Noah sat. He took the oars again, steered the boat around. He sculled back across the lake, thankful for the blinding whiteness.
EPILOGUE
Natalie still slept as he crested the last rise heading east into Duluth. The sun had just broken and cast its light onto the hills east and north of the city. A sight beyond his capacity to describe, but not to relish, which he did. It was the opposite season of his last arriving here, and the contrast in every way was lovely.
He followed the interstate down into the city. At this hour on a Saturday the roads were nearly vacant. He passed the first neighborhoods, the first industry. His ears popped. The harbor bloomed in the distance, all grays and inky blacks, the water coursing brilliantly and white beneath the sun. At the top of his view he saw the aerial bridge.
He nudged Nat. “Hey, sleepyhead. Look at this.”
She pulled her head from the pillow on which it lay next to the window. Her eyes adjusting to the light, she stretched. “Where are we?”
“Duluth. Breakfast in five minutes.”
She sat up. She scanned the view. “It looks a lot different.”
“It’s April, not November.”
He drove on. They’d planned on having breakfast at Canal Park, so he exited at Fifth Avenue. He turned over the tracks and stopped at Commerce and Railroad Streets. To his right the elevator silos and docks beckoned. “You mind if we make a detour? It won’t take long.”
“What for?”
“I want to show you something.”
He turned right. He passed two vacant slips not fifty feet from the road. The pier that jutted between them was wholly derelict. A little farther six pyramids of taconite five stories tall and black as obsidian rose against the harbor. Natalie asked about them.
“That’s what this town survives on. Or used to survive on. It’s taconite.”
“What your father spent all those years lugging around in his boat.”
Noah looked at her. “The same stuff.”
He turned onto Garfield and drove past a slip on his left with two tugs tied to cleats on the quay. He drove past two more slips. In the third a small freighter was docked under a loading complex. Men were about her deck.
“This is so interesting,” she said. “Look at those barges. What would they carry?”
“I don’t know. Not taconite. Limestone, maybe. Timber.”

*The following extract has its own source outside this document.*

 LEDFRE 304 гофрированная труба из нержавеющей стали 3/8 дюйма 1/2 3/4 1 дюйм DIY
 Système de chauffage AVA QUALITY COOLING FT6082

They passed three more slips. They drove parallel to railroad tracks and abandoned-looking buildings, warehouses. At an unmarked dirt alleyway he turned left. They stopped at a chain-link fence. He turned off the car. They got out and stood at the fence. In the short distance they saw a minor civilization abandoned by time: train tracks sunk in the iodized soil, scrap yards tangled and twined with heaps of rusted steel, old cement silos unpainted in decades, a shack with windows of broken glass. Not far from the gate a pickup truck rounded
a dirt bend. It stopped. A man opened the door and looked at them. He did not nod. He did not wave. Noah would not have needed to raise his voice to greet him, but neither did he do so. The man wore coveralls and a watchman’s cap. He stepped to the back of his truck and let the gate down. A silver-and-white Siberian husky jumped from the bed and ran to the gate to sniff Noah’s and Nat’s shoes. They were both startled, but the dog turned as fast as it had come and walked away from them, heeling at the watchman’s left. The dog had swollen teats they could see from behind, irrefutable evidence of a new shipyard progeny.

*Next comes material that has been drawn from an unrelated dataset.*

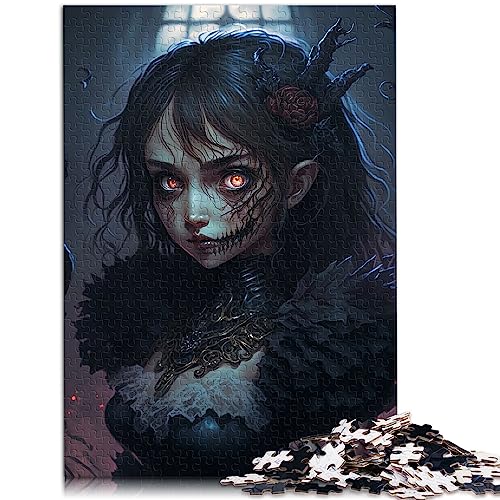 Puzzles für Erwachsene, Manga-Vampir, 1000-teiliges Puzzle für Erwachsene und Jugendliche ab 12 Jahren, Papppuzzles, Cartoon-Puzzle, Größe: 26 x 38 cm von SIBREA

Noah said, “How would you like his job?”
Natalie was still watching man and dog walk away. “What
is
his job?”
“To guard this paradise, I guess.”
Together they surveyed the vista for a few minutes more. Finally Nat said, “I could eat a horse, and I have to pee.”
A
FTER SCONES AND
coffee—decaf for Nat—at a coffee shop in Canal Park, Noah gave her a tour of the city. He drove her past his high school and the house on High Street. He took her to Chester Park and showed her the ski jumps. He drove her around downtown and through the college campus. Finally they drove north, past the mansions along Lake Superior, and out of town.